** Opening DATASET RECORDS block **
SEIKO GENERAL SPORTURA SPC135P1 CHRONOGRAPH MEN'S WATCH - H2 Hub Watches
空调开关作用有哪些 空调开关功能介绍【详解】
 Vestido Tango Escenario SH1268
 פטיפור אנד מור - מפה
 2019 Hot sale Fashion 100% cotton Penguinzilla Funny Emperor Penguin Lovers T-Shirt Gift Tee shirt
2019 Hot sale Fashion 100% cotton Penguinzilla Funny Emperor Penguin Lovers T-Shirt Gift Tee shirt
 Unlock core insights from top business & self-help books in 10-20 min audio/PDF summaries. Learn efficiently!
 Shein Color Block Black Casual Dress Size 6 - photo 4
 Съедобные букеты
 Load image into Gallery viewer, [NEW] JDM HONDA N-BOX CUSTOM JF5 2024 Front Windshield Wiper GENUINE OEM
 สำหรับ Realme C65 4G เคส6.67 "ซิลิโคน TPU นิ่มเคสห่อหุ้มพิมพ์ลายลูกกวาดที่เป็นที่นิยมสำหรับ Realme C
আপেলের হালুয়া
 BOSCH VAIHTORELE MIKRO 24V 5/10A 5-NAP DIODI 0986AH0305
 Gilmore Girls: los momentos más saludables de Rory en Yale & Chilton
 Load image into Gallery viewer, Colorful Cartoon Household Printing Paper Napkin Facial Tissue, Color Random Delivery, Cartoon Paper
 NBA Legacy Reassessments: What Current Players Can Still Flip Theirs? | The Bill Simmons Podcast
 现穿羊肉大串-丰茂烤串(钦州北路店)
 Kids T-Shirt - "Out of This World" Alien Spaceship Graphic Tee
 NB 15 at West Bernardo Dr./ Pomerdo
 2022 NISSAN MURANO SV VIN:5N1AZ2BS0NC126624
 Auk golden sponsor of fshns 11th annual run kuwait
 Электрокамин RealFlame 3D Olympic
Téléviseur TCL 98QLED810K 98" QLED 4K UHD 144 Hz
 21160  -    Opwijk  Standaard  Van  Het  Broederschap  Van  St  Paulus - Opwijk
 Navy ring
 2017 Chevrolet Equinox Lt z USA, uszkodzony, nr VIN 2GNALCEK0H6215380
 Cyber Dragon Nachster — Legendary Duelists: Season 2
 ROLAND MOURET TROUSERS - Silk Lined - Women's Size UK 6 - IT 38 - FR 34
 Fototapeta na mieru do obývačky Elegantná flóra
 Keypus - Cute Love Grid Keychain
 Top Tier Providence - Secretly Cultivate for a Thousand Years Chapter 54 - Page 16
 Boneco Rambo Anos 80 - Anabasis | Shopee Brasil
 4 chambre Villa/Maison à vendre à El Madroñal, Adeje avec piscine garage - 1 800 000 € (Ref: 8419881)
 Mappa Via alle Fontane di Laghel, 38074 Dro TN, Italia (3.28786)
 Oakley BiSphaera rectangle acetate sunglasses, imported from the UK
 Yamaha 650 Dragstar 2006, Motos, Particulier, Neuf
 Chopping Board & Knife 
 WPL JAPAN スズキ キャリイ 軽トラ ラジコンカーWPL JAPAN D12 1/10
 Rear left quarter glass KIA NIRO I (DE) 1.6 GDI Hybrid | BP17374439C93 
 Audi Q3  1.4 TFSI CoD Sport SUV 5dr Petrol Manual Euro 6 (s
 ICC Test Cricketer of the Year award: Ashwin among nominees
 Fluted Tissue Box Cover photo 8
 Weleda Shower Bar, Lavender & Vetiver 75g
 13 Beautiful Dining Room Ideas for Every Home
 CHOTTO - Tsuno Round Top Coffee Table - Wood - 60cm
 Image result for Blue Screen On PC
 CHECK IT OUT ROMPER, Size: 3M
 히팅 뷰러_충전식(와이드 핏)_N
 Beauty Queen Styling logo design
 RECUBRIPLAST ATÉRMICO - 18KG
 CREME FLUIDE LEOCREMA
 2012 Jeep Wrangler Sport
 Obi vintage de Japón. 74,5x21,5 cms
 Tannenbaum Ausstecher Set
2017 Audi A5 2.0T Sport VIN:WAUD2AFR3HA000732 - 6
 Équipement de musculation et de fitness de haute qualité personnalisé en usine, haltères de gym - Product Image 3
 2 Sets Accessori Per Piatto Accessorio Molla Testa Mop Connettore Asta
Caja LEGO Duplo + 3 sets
** Closing DATASET RECORDS block **
- [TASK TO CARRY OUT] Give the data again, exactly as it stands.

- [SOLUTION TO THIS PROBLEM]
SEIKO GENERAL SPORTURA SPC135P1 CHRONOGRAPH MEN'S WATCH - H2 Hub Watches
空调开关作用有哪些 空调开关功能介绍【详解】
 Vestido Tango Escenario SH1268
 פטיפור אנד מור - מפה
 2019 Hot sale Fashion 100% cotton Penguinzilla Funny Emperor Penguin Lovers T-Shirt Gift Tee shirt
2019 Hot sale Fashion 100% cotton Penguinzilla Funny Emperor Penguin Lovers T-Shirt Gift Tee shirt
 Unlock core insights from top business & self-help books in 10-20 min audio/PDF summaries. Learn efficiently!
 Shein Color Block Black Casual Dress Size 6 - photo 4
 Съедобные букеты
 Load image into Gallery viewer, [NEW] JDM HONDA N-BOX CUSTOM JF5 2024 Front Windshield Wiper GENUINE OEM
 สำหรับ Realme C65 4G เคส6.67 "ซิลิโคน TPU นิ่มเคสห่อหุ้มพิมพ์ลายลูกกวาดที่เป็นที่นิยมสำหรับ Realme C
আপেলের হালুয়া
 BOSCH VAIHTORELE MIKRO 24V 5/10A 5-NAP DIODI 0986AH0305
 Gilmore Girls: los momentos más saludables de Rory en Yale & Chilton
 Load image into Gallery viewer, Colorful Cartoon Household Printing Paper Napkin Facial Tissue, Color Random Delivery, Cartoon Paper
 NBA Legacy Reassessments: What Current Players Can Still Flip Theirs? | The Bill Simmons Podcast
 现穿羊肉大串-丰茂烤串(钦州北路店)
 Kids T-Shirt - "Out of This World" Alien Spaceship Graphic Tee
 NB 15 at West Bernardo Dr./ Pomerdo
 2022 NISSAN MURANO SV VIN:5N1AZ2BS0NC126624
 Auk golden sponsor of fshns 11th annual run kuwait
 Электрокамин RealFlame 3D Olympic
Téléviseur TCL 98QLED810K 98" QLED 4K UHD 144 Hz
 21160  -    Opwijk  Standaard  Van  Het  Broederschap  Van  St  Paulus - Opwijk
 Navy ring
 2017 Chevrolet Equinox Lt z USA, uszkodzony, nr VIN 2GNALCEK0H6215380
 Cyber Dragon Nachster — Legendary Duelists: Season 2
 ROLAND MOURET TROUSERS - Silk Lined - Women's Size UK 6 - IT 38 - FR 34
 Fototapeta na mieru do obývačky Elegantná flóra
 Keypus - Cute Love Grid Keychain
 Top Tier Providence - Secretly Cultivate for a Thousand Years Chapter 54 - Page 16
 Boneco Rambo Anos 80 - Anabasis | Shopee Brasil
 4 chambre Villa/Maison à vendre à El Madroñal, Adeje avec piscine garage - 1 800 000 € (Ref: 8419881)
 Mappa Via alle Fontane di Laghel, 38074 Dro TN, Italia (3.28786)
 Oakley BiSphaera rectangle acetate sunglasses, imported from the UK
 Yamaha 650 Dragstar 2006, Motos, Particulier, Neuf
 Chopping Board & Knife 
 WPL JAPAN スズキ キャリイ 軽トラ ラジコンカーWPL JAPAN D12 1/10
 Rear left quarter glass KIA NIRO I (DE) 1.6 GDI Hybrid | BP17374439C93 
 Audi Q3  1.4 TFSI CoD Sport SUV 5dr Petrol Manual Euro 6 (s
 ICC Test Cricketer of the Year award: Ashwin among nominees
 Fluted Tissue Box Cover photo 8
 Weleda Shower Bar, Lavender & Vetiver 75g
 13 Beautiful Dining Room Ideas for Every Home
 CHOTTO - Tsuno Round Top Coffee Table - Wood - 60cm
 Image result for Blue Screen On PC
 CHECK IT OUT ROMPER, Size: 3M
 히팅 뷰러_충전식(와이드 핏)_N
 Beauty Queen Styling logo design
 RECUBRIPLAST ATÉRMICO - 18KG
 CREME FLUIDE LEOCREMA
 2012 Jeep Wrangler Sport
 Obi vintage de Japón. 74,5x21,5 cms
 Tannenbaum Ausstecher Set
2017 Audi A5 2.0T Sport VIN:WAUD2AFR3HA000732 - 6
 Équipement de musculation et de fitness de haute qualité personnalisé en usine, haltères de gym - Product Image 3
 2 Sets Accessori Per Piatto Accessorio Molla Testa Mop Connettore Asta
Caja LEGO Duplo + 3 sets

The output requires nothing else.